SERVER-56779 Allow multiple concurrent merges for the same collection across the cluster

(cherry picked from commit d0c6ab09ee3c2726d92b1044577f2c5ebd22b52c)
author: Kaloian Manassiev <kaloian.manassiev@mongodb.com> 2021-06-03 06:34:00 +0000
committer: Evergreen Agent <no-reply@evergreen.mongodb.com> 2021-06-14 13:05:32 +0000
commit: 3a42f34b634eb9e5b0ccde551f6d8439ed1700c2 (patch)
tree: 35eea4d7c25a4ddb3867196895cde2aebdbb3f45
parent: 6cd2d27dbcd1522da59b61b5aea0378f72371c7d (diff)
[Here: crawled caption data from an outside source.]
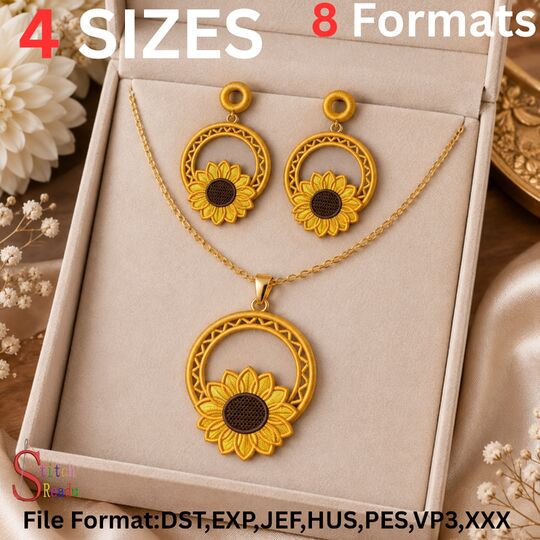 Freestanding Lace Sunflower Jewelry Set Machine Embroidery Pattern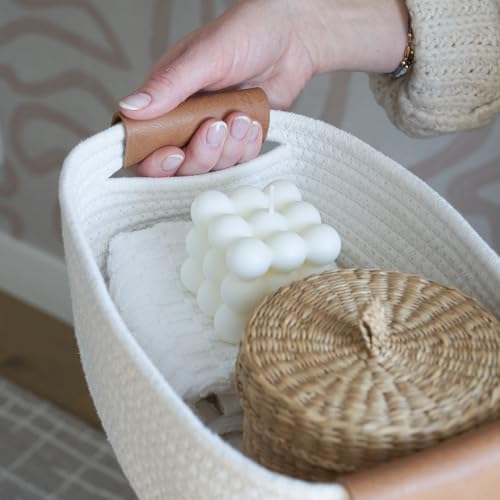 Beautiful Storage Basket Set of 3 - Sturdy Rope Baskets for Shelves - Image 5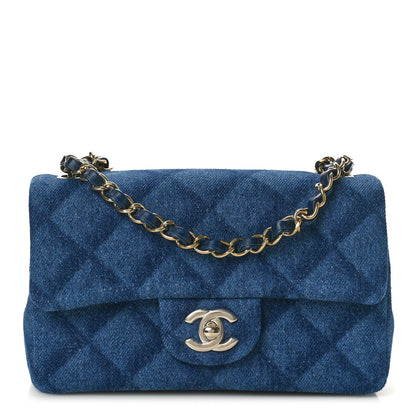Chanel Printed Denim Quilted Mini Rectangular Flap Dark Blue 1 of 10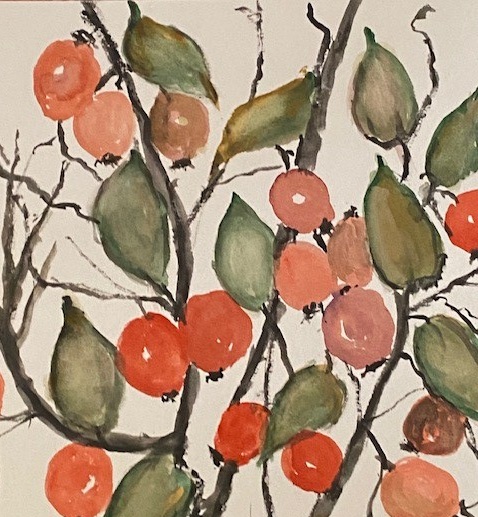 Malerei Renate Schmitz - Hagebutten Malerei Renate Schmitz - Hagebutten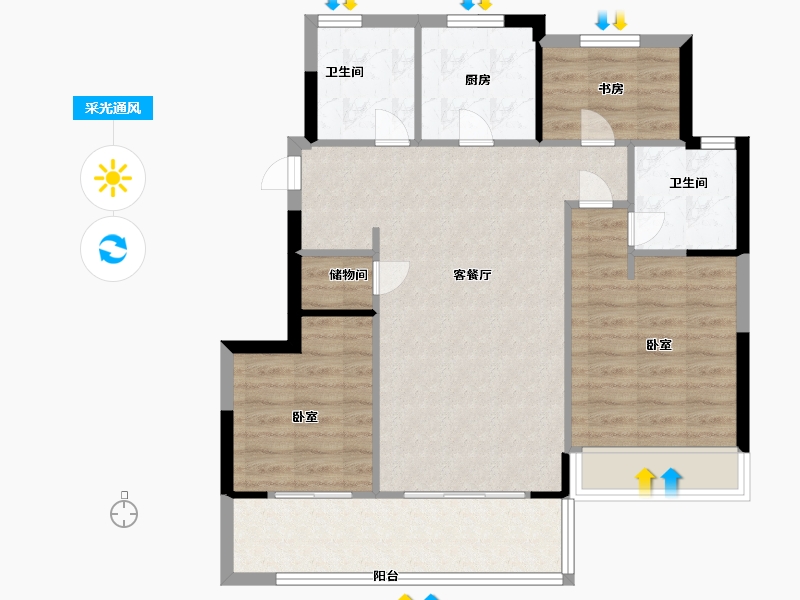 浙江省-温州市-卓越维港-83.00-户型库-采光通风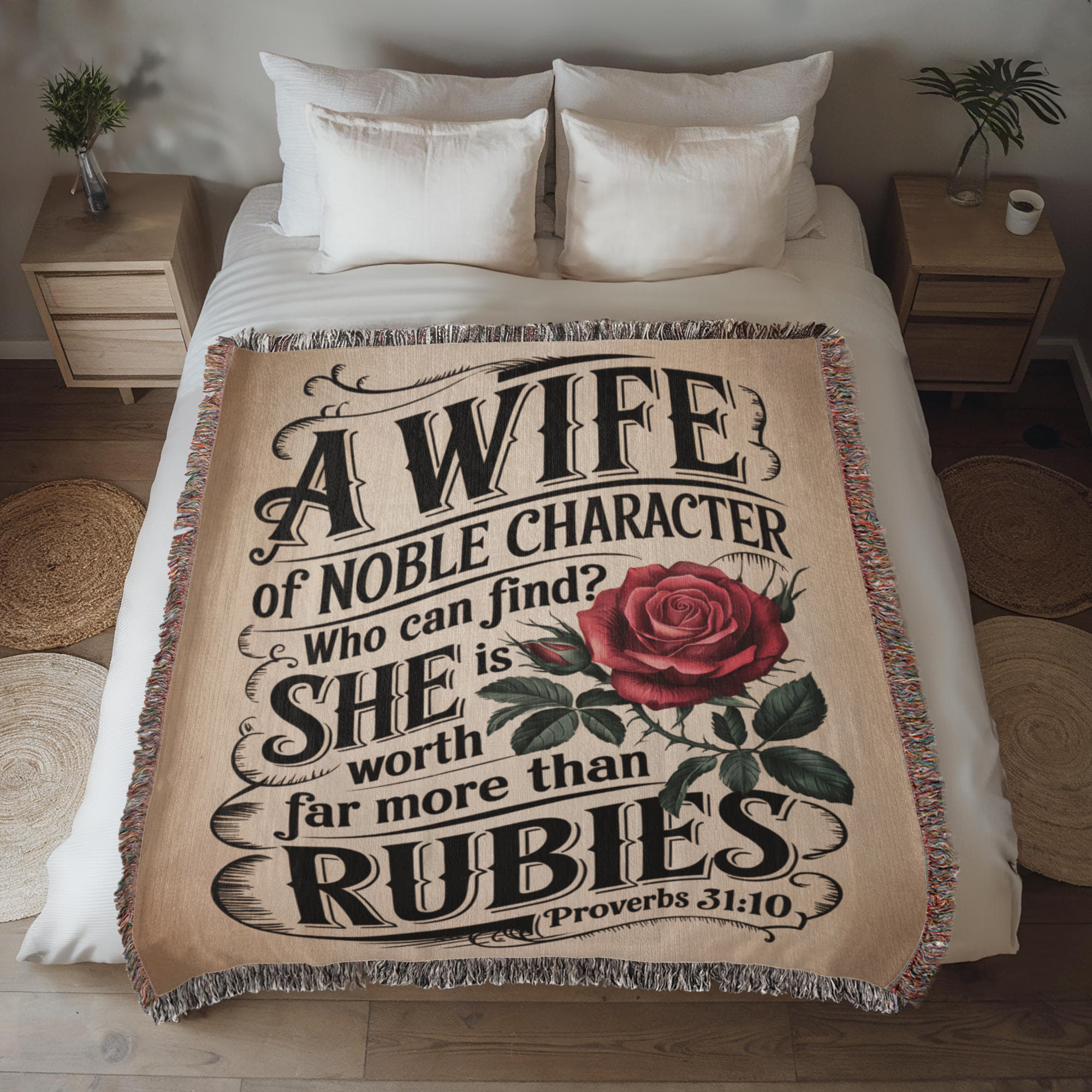 A wife of noble character - Proverbs 31:10 Woven Heirloom Blanket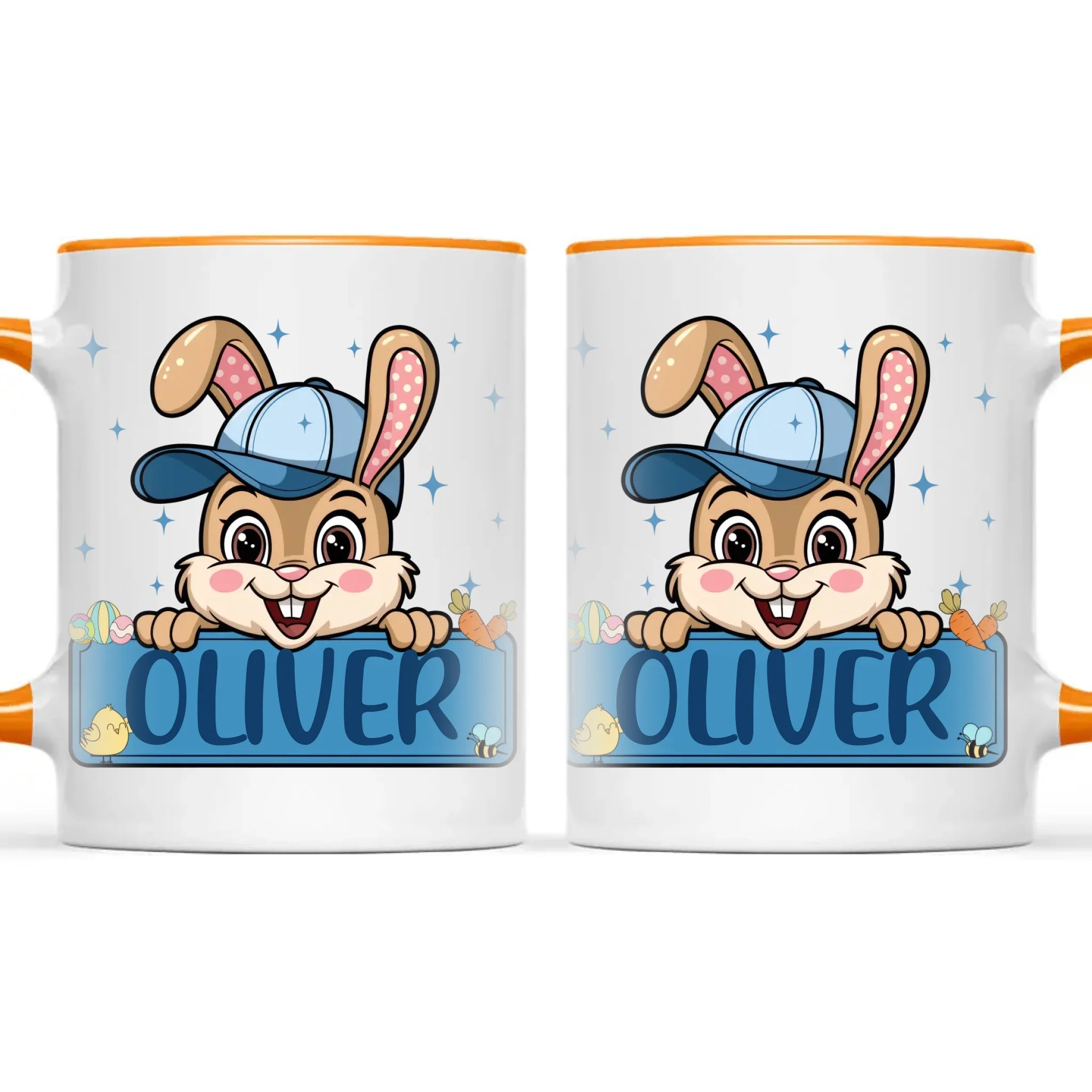 Personalised Bunny Mug for Boys – Custom Name Easter Gift – Cute Bunny with Blue Cap, Eggs & Carrots – Enamel or Ceramic Cup – NZ Made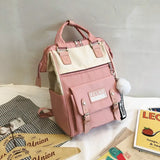 for School Teenagers Girls Cute Ring Bag Designer Travel Laptop Backpack Women Notebook Back Pack Patchwork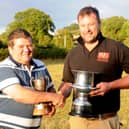 Richard Harris, winner of the Farmer's class and Richard Jones, winner of the best dog in local parishes. Dave Latham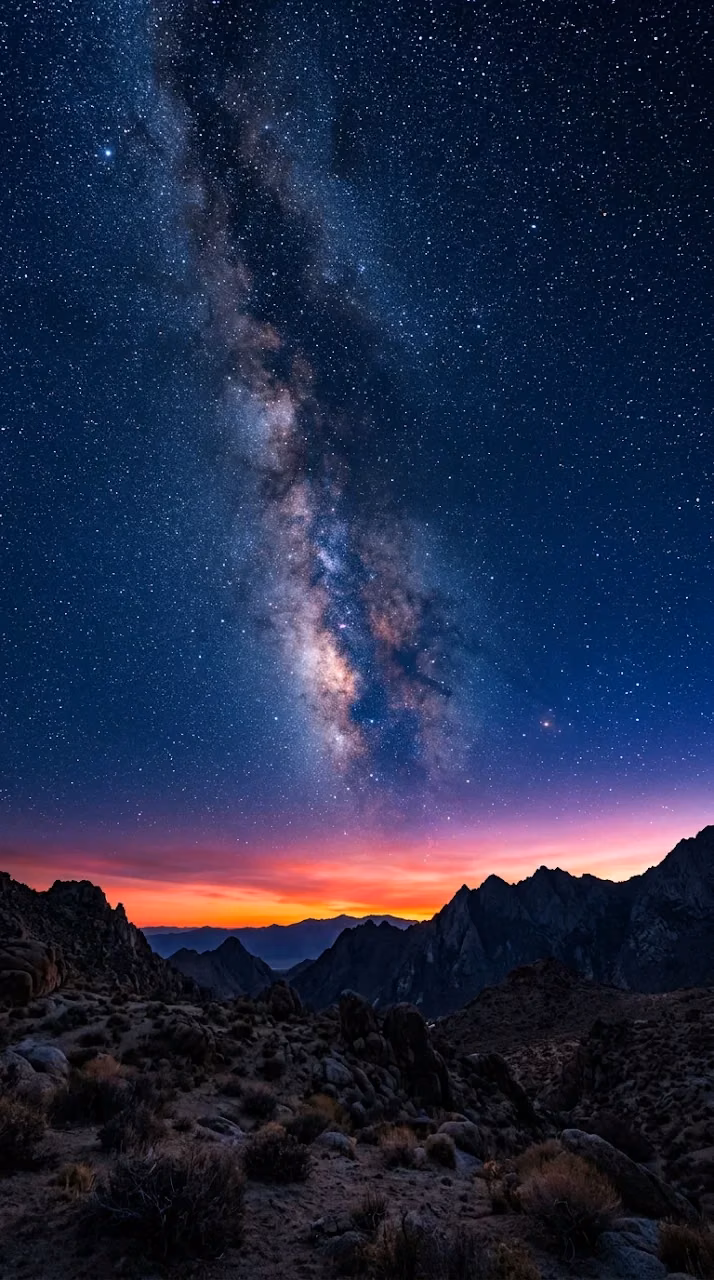 Download Landscape Photography of a Colorful Twilight Sky with the Milky Way Wallpaper in Mobile HD Landscape Photography of a Colorful Twilight Sky with the Milky Way - Free Mobile AMOLED Wallpaper Background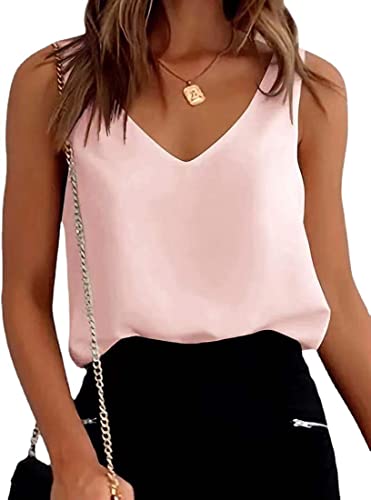 ZIOOER Damen Sommer Tank Tops Klassisch V-Ausschnitt Camisole Elegant Ärmellose Weste Oberteile Shirts Blusen Rosa XL von ZIOOER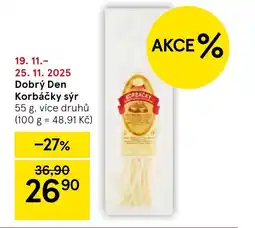 Tesco Dobrý Den Korbáčky sýr nabídka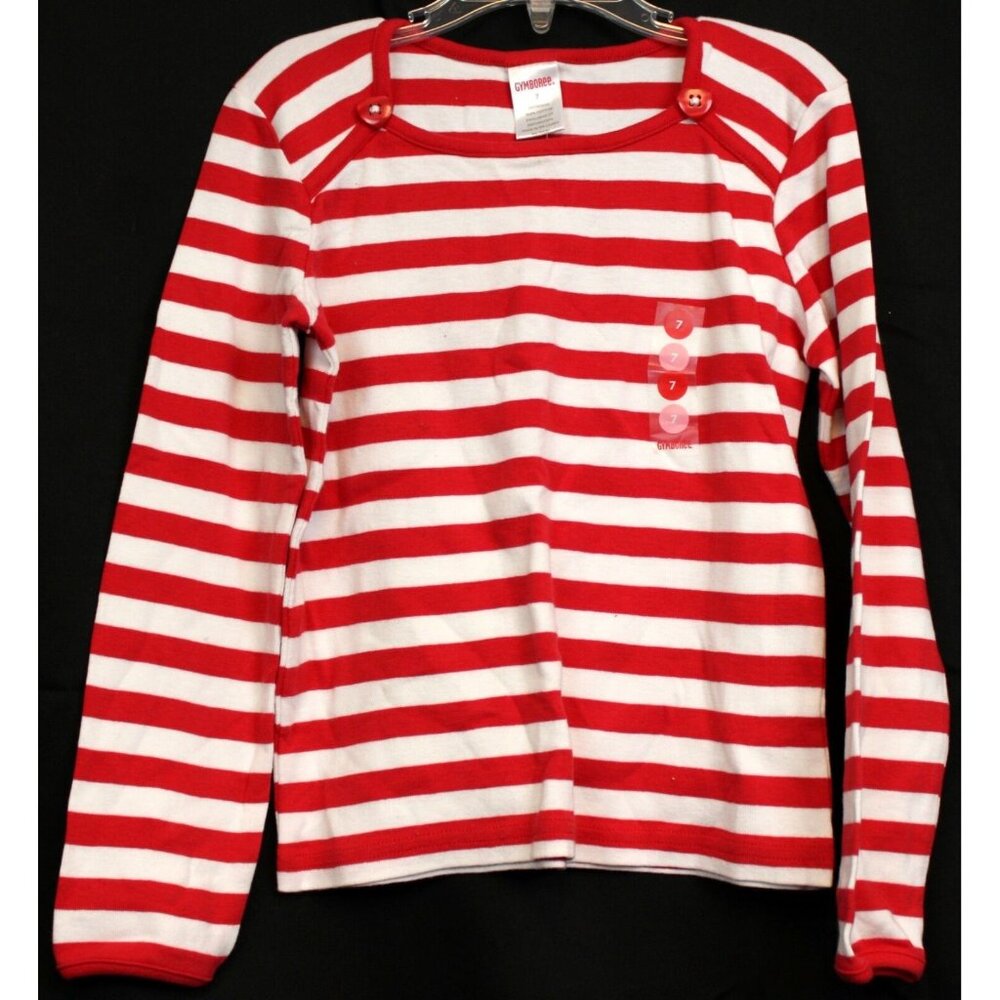 2008 Gymboree Sweet Heart Valentine Day Shirt Red Striped Button Classic French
download: mongo-3a42f34b634eb9e5b0ccde551f6d8439ed1700c2.tar.gz
3 files changed, 154 insertions, 45 deletions
diff --git a/src/mongo/db/s/active_migrations_registry.cpp b/src/mongo/db/s/active_migrations_registry.cpp
index d58bcfe9805..70cab089b64 100644
--- a/src/mongo/db/s/active_migrations_registry.cpp
+++ b/src/mongo/db/s/active_migrations_registry.cpp
@@ -64,36 +64,36 @@ ActiveMigrationsRegistry& ActiveMigrationsRegistry::get(OperationContext* opCtx)
 void ActiveMigrationsRegistry::lock(OperationContext* opCtx, StringData reason) {
     stdx::unique_lock<Latch> lock(_mutex);
 
-    // This wait is to hold back additional lock requests while there is already one in
-    // progress.
-    opCtx->waitForConditionOrInterrupt(_lockCond, lock, [this] { return !_migrationsBlocked; });
+    // This wait is to hold back additional lock requests while there is already one in progress
+    opCtx->waitForConditionOrInterrupt(
+        _chunkOperationsStateChangedCV, lock, [this] { return !_migrationsBlocked; });
 
     // Setting flag before condvar returns to block new migrations from starting. (Favoring writers)
-    LOGV2(4675601, "Going to start blocking migrations", "reason"_attr = reason);
+    LOGV2(467560, "Going to start blocking migrations", "reason"_attr = reason);
     _migrationsBlocked = true;
 
-    // Wait for any ongoing migrations to complete.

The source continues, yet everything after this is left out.